Maryhill's 2024 season opened on March 15 with special exhibitions, The Columbia River: Wallula to the Sea and King Salmon. Wallula to the Sea celebrates the myriad ways in which humans have interacted with this vital waterway; it contains approximately 70 historic and contemporary paintings and photographs, along with select examples of regional culture by Indigenous artists. (NOTE: at the end of the article, view a series of paintings from this exhibition that represent locations along the Columbia River.) 

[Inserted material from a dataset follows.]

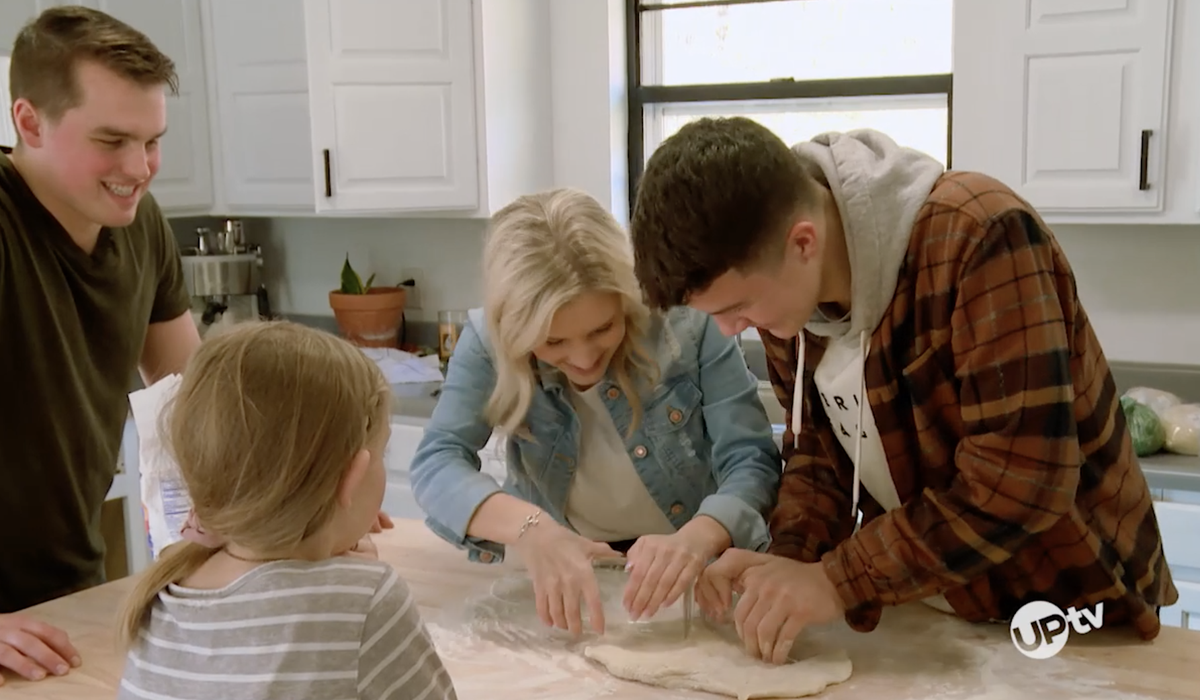 BringingUpBates's tweet photo. Who knew pizza could be so difficult? Does anyone have any pizza making tips out there? 🍕 #BringingUpBates https://t.co/oB8rEoIAHa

Along the 310-mile stretch of the Columbia River between the Wallula Gap and the Pacific Ocean, countless generations of people have depended on the river. Maryhill Museum introduces the exhibition with these words: "Few landscapes figure as prominently in the Pacific Northwest consciousness as does the Columbia River and the land along its shores. The waterway is heralded variously for its social, cultural, and historical importance, its economic value, and its visual qualities."

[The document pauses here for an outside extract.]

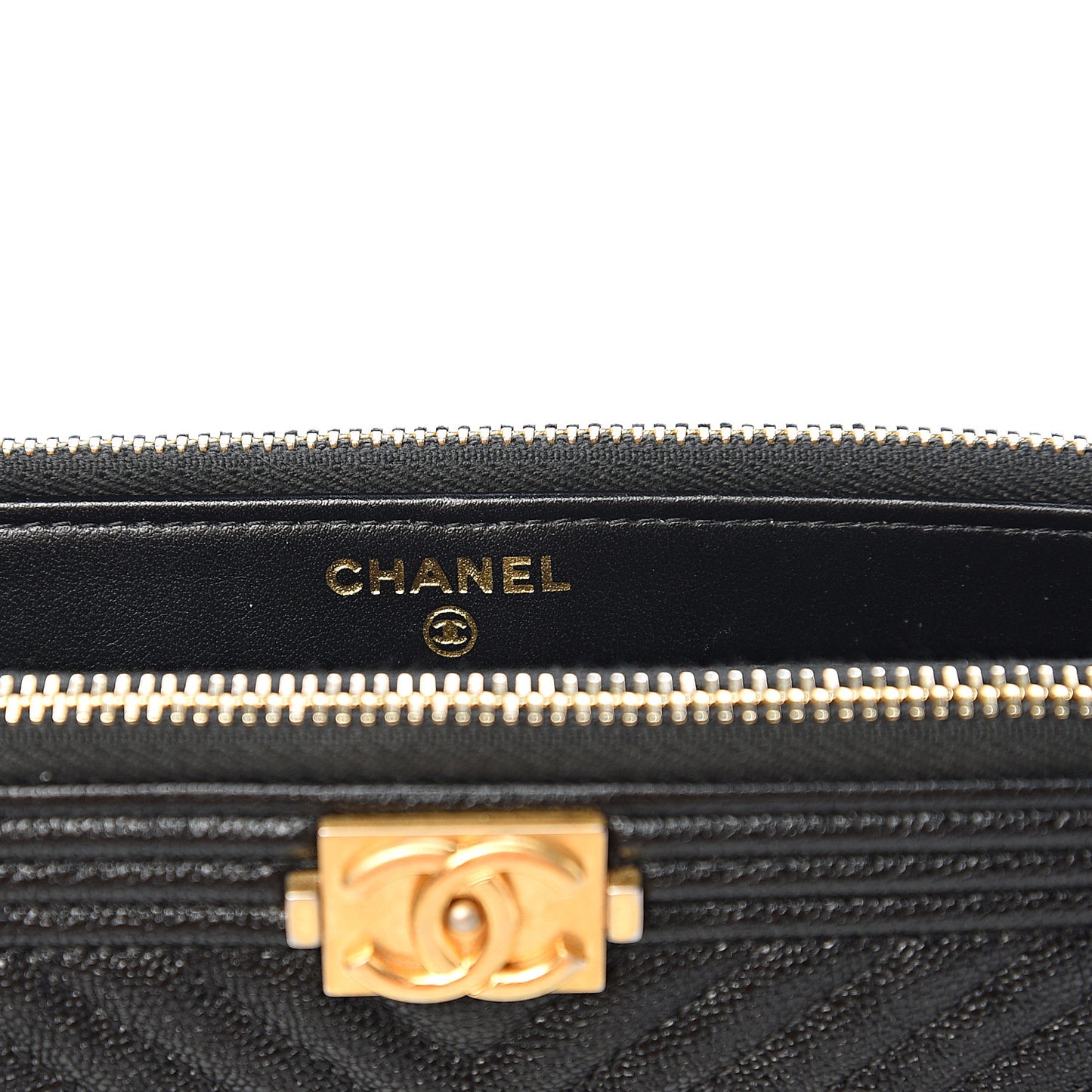 Caviar Chevron Small Boy Clutch With Chain Black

The special exhibition features works by two prominent Portland artists, Thomas Jefferson Kitts and Erik Sandgren. Kitts and Sandgren have worked closely with the museum to ensure that critical locations along the river are represented in the exhibition. The artists traveled to these locations and painted en plein air -- painting outdoors onsite at the critical locations -- creating both preliminary studies and finished works for display.

Thomas Jefferson Kitts

Thomas Jefferson Kitts painting on site

“I am a native Oregonian who learned how to paint landscapes along the Columbia River, as well as up and down the Cascade Range," says Kitts. "So focusing on this Maryhill exhibition turned out to be an emotional experience. After decades of exporting my work to other states and countries, and traveling the world for the past 15 years, it has been deeply gratifying to revisit many of my old haunts and subject matter – which makes this exhibition something of a coming home story for me.” On his website Kitts writes about his work: "When people view my work, I want them to see a painting, not a photograph. I want them to experience a surface made alive with color, texture, and the movement of my hand, yet also feel a connection to the reality that gave birth to the work." --Thomas Jefferson Kitts

Erik Sandren
Erik Sandgren painting on site

“It means a great deal to me as a painter to have been invited to create and contribute work for a show of this scope, with time for my on-site painting experiences to accumulate and resonate into additional work that reflects cultural and historical aspects of the Big River.” After his tenure as a one-person art department at Grays Harbor College, he has returned to Oregon to live and work fulltime. He followed in the footsteps of his father, Nelson Sandgren, who was a noted painter and Oregon State University art professor. His website tells us that after studying back east, in 1989, "Sandgren returned like a homing salmon, to the headwaters of his art and early life in the Pacific Northwest."  The Northwest mountains, trees and water, skies and people have inspired his feeling for location, myth and history. --Erik Sandgren
The Columbia River: Wallula to the Sea exhibition also includes Indigenous carving, twined basketry, and beadwork from the Middle Columbia River region. Key examples of pictorial beadwork with river scenes are being borrowed from collectors in Hood River and Texas. A commissioned Chinook-style carving that was created by Greg A. Robinson depicts a Coyote narrative about the river. Robinson lives in Vancouver, Washington and is a member of the Chinook Indian Nation. Through his work, Robinson revives, teaches and shares ancient Chinookan style art with people across the region.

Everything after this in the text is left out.